Another advantage of the invention is that it can be used to substantially reduce this overhead in document indexing by identifying the words that are important to the content of the document and generating an index containing this subset of words. This not only saves disk space but also processing time, since the search operations can be performed on a much smaller index. The invention generates a list of topic words from text, each of which is informative about the content of the text, and it excludes words from text that do not convey much information. Using linguistic information to perform this task provides several principled ways of distinguishing words with high information content from words with low information content.
Another advantage is that the invention helps eliminate additional redundancy in an index of concepts found within text by identifying words that are related by inflection or derivation (e.g., "category" and "categories," "subject," "subjects," and "subjectness"). Instead of representing each instance of a word that differs slightly from previous instances, a base of the word is stored and used to represent all forms that can be derived from it. Thus, for example, "category" may be stored once in the list and it can represent "category," "categories," and even "categorical." This greatly reduces the storage required for indexes to text.
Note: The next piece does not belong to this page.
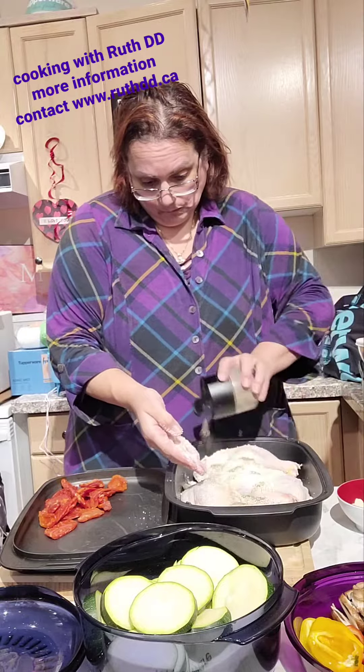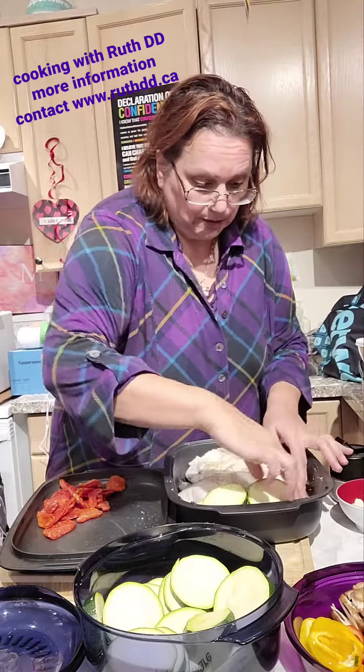Hello everyone, I just wanted to come and show you a quick recipe today. I'm making some chicken in the oven, and I'm going to use a Tupperware Ultra. I'm going to put four chicken legs in here, all nice and ready to go.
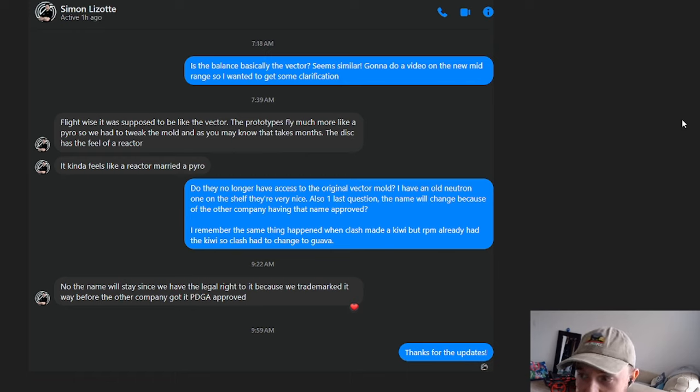If there's a Simon Line disc, people are going to flock for it — they buy the Gyropalooza boxes for it. Simon Lizott mania is in full swing. I asked Simon if the name would change because of the other company having that name PDGA-approved. I remember the same thing happened when Clash made the Kiwi, but RPM already had the Kiwi, so they changed the name to the Guava. Clash and RPM are not nearly as popular as MVP, so a lot of that might have gone over people's radars, but I've actually seen this situation happen before — Clash had to change their name because RPM had the rights to it.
The filtering procedures described in this application were applied to a number of text samples for evaluation, including a 153-word paragraph from a linguistics article, a 447-word financial memo, and a page from a functional specification containing 550 words. The resulting lists for these three contained 23%, 25%, and 17% of the words in the original text, respectively. The results obtained by testing other text samples were consistent with these numbers. The filtering mechanisms of the invention can identify 75% to 80% of the text as irrelevant to the topic of the text.
Other advantages and features will become apparent from the following description of the preferred embodiment and from the claims.
DESCRIPTION OF THE PREFERRED EMBODIMENT
FIG. 1 is a block diagram showing a morphological analyzer and a lexicon.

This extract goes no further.